There's no two ways about it, parking in London has become something of a nightmare! The situation has improved slightly since the introduction of the congestion charge which has cut down the amount of vehicles in central London (and I don't care how many people complain about it- something needed to be done!).
But despite Ken and Boris' best efforts, Londoners are still being forced to come up with ever more creative ways of dealing with the lack of space to park their four-wheeled friends.
Park my car at your house?
One of the funniest solutions I've come across to the parking problem in London is the website Park At My House.
You may laugh at the idea, but judging by the 'traffic' the site seems to be receiving, these guys could be on to a honking good idea (ok, enough auto-mobile puns).
Users can access this website to arrange the rental of someone's driveway or parking space at an affordable daily rate. At a quick glance, there's spaces on offer from Kings Cross to Stockwell going for just over a tenner, and each parking space advert comes with a brief description and space for users to leave reviews and comments of their past experiences!
Parking ideas for London commuters
One idea that seems to prove quite popular with commuters is to drive into London and then leave your vehicle parked close to a tube station on the outskirts.
The plus side of this method is that you'll usually be able to find free parking around a tube station like Morden (at the southern end of the Northern Line). On the down side you'll still have to endure a time-consuming tube commute which (especially from zones 4 and beyond) might cost just as much as paying for parking.

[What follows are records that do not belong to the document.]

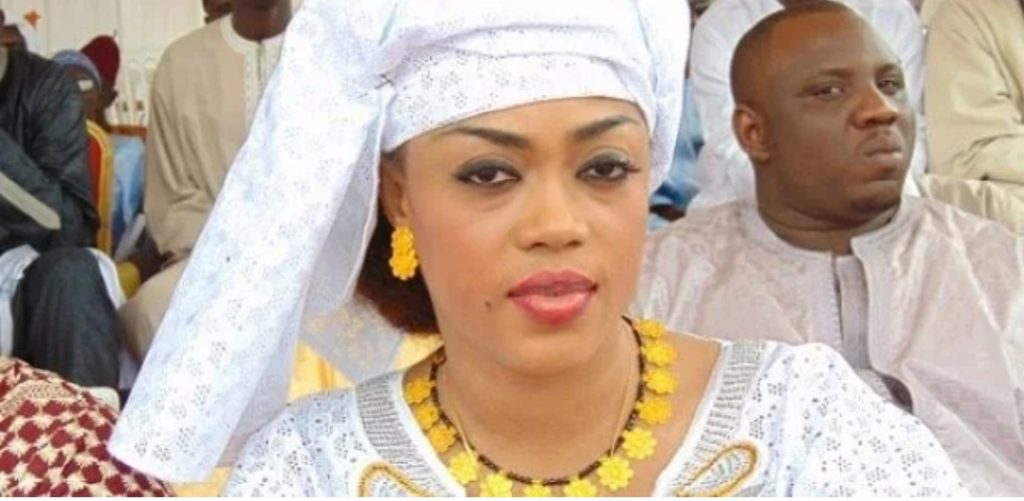 IMG 20200924 232234 1024x501 - Magal de Touba- (Vidéo) Aida Diallo , chez Serigne Cheikh Saliou , pour chercher une médiation.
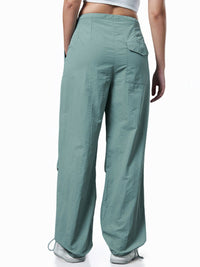 Bewakoof Women Baggy Oversized Parachute Pants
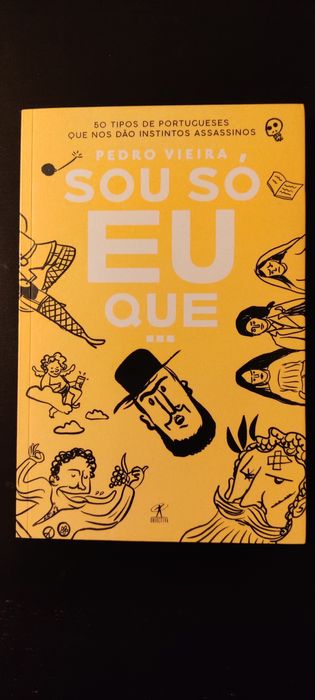 Book "It's Only Me That..." by Pedro Vieira64740880684673120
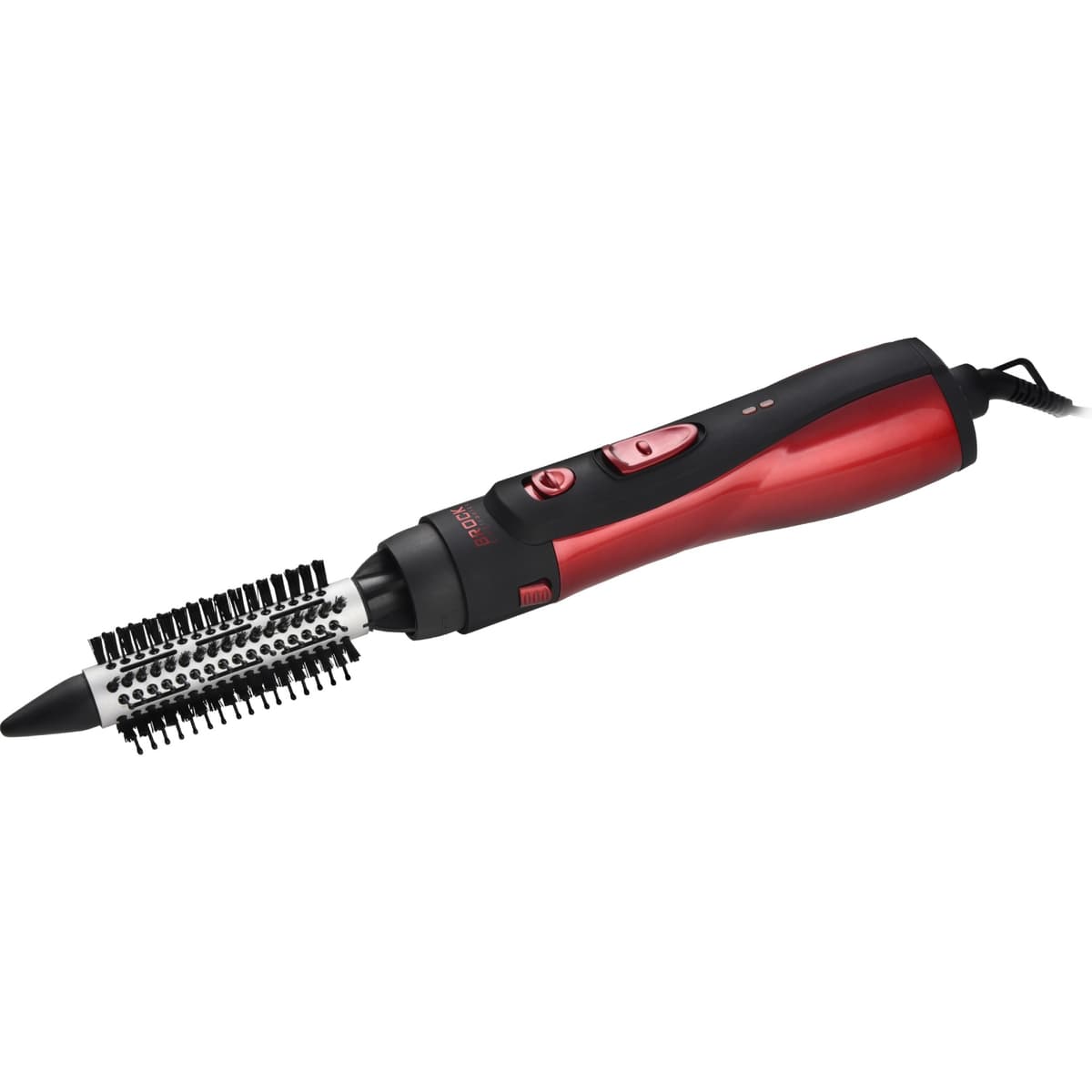 Фен-щітка BROCK HS 9006 RD 1000Вт 2 швидкості Cool shot 6 насадок Red-Black (HS 9006 RD)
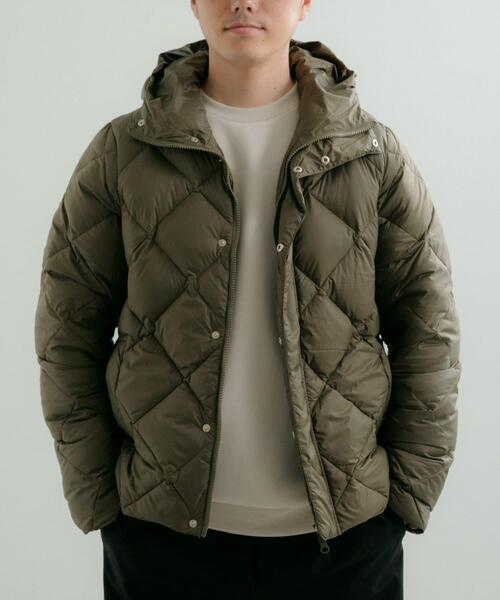 TAION（タイオン） ダウンジャケット ダウン TAION PACKABLE HOOD DOWN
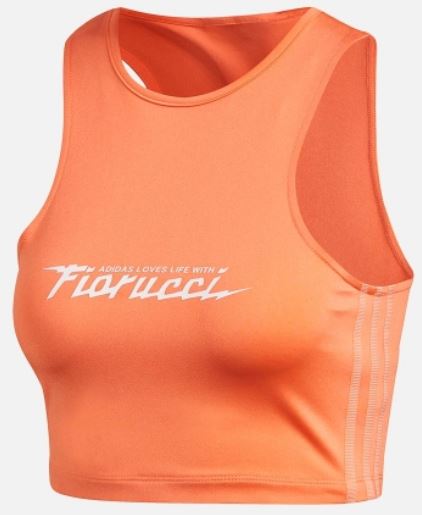 Women's Top Adidas Originals Fiorucci Cropped Top 32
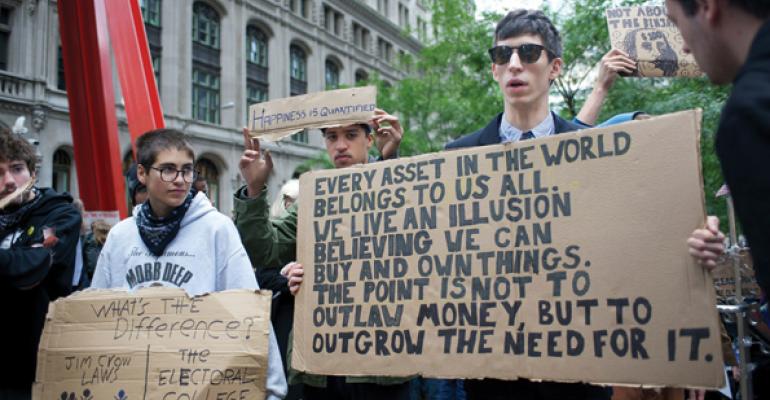 Occupy Wall Streeters in NYC Are &quot;Children of the Elite&quot;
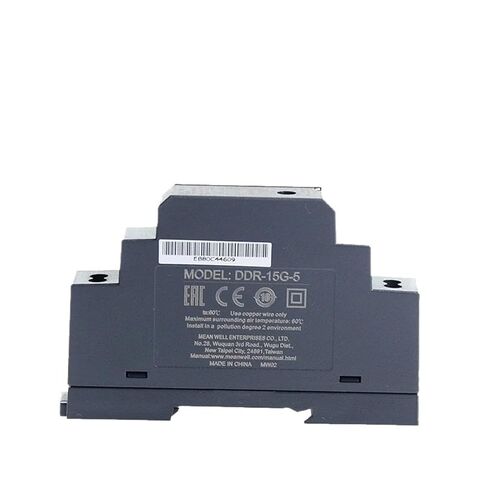 DDR-15L-5 15W DIN Rail Type DC-DC Converter DDR-15L 5V 3A in Saudi Arabia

Parking space finders on the internet
One internet parking tool that I use loads is park-up.com. It's a pretty straightforward site to use: You type in your desired postcode or address and the website comes up with a map detailing all the pay and display zones and the private and public car parks in the area. The site is really handy because it also gives you all sorts of extra information on tariffs, opening times etc., as well as data about things to watch out for like car theft statistics and council clamping fines.